- _EXERCISE INSTRUCTIONS_:
Could you print, exactly and without pictures, only the lines from the one with "Thumbnail Zumiez 10-K Annual Report 2015" through the end of the records below?

▬▬▬

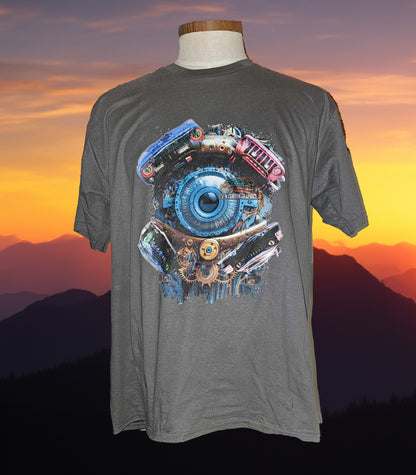 Steam punk eye shirt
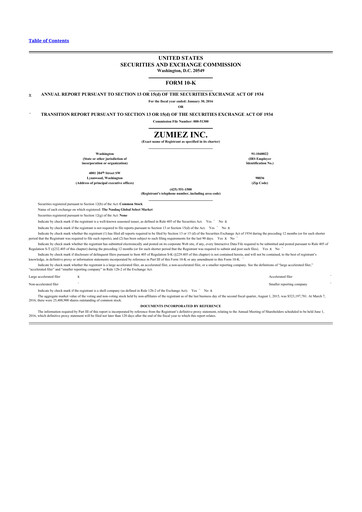 Thumbnail Zumiez 10-K Annual Report 2015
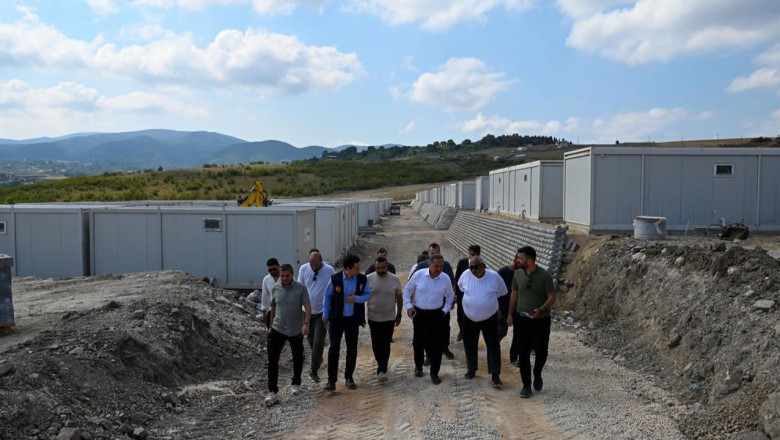 Yalova’da 100 Aile İçin Konteyner Kent Kuruluyor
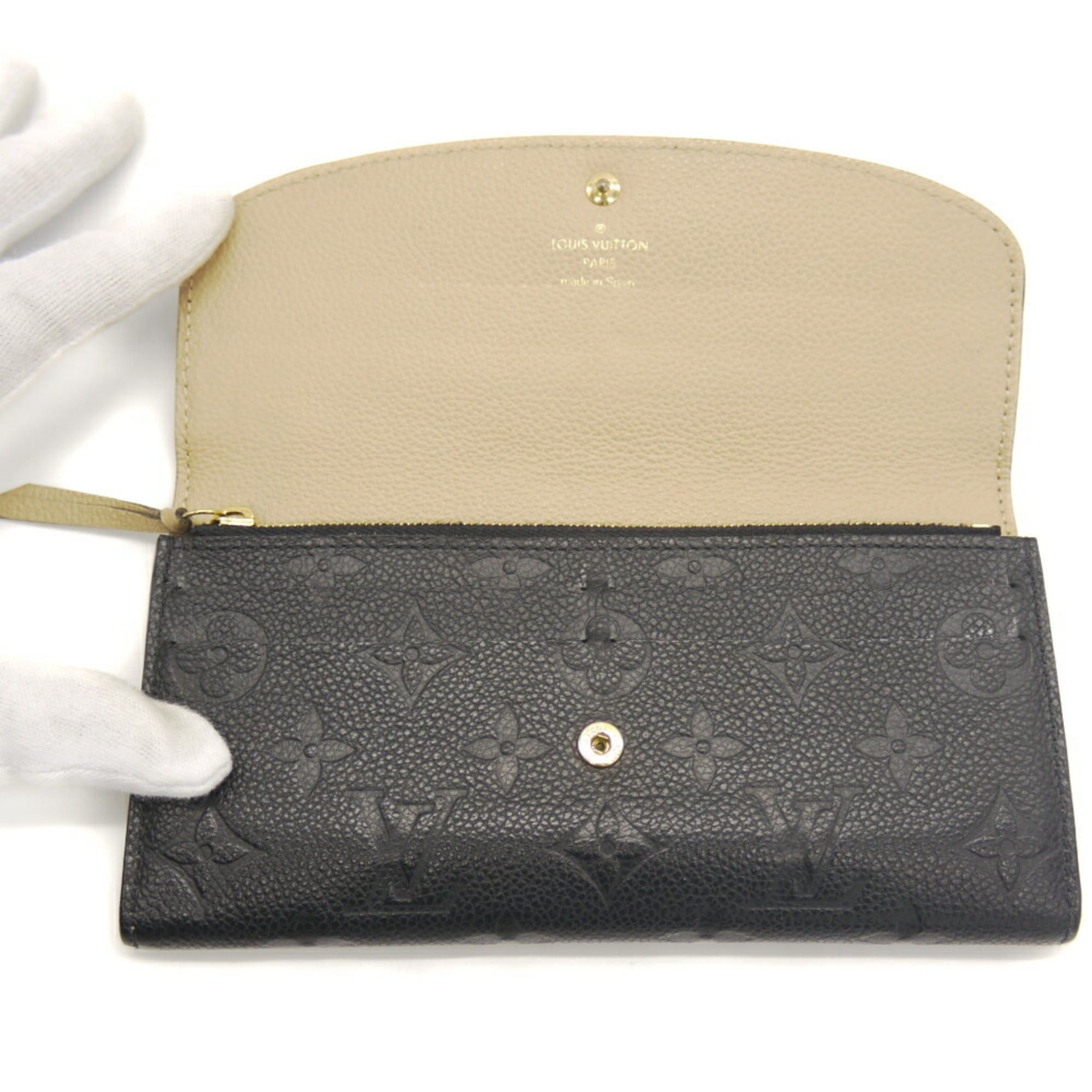 Louis Vuitton Louis Vuitton Portefeuille Emilie Long Wallet Monogram Empreinte Noir M62369 Size ONE SIZE - 6 Thumbnail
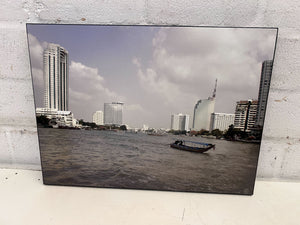 Framed Cityscape Water Photo Print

▬▬▬

- _EXPECTED OUTPUT_:
 Thumbnail Zumiez 10-K Annual Report 2015
 Yalova’da 100 Aile İçin Konteyner Kent Kuruluyor
 Louis Vuitton Louis Vuitton Portefeuille Emilie Long Wallet Monogram Empreinte Noir M62369 Size ONE SIZE - 6 Thumbnail
 Framed Cityscape Water Photo Print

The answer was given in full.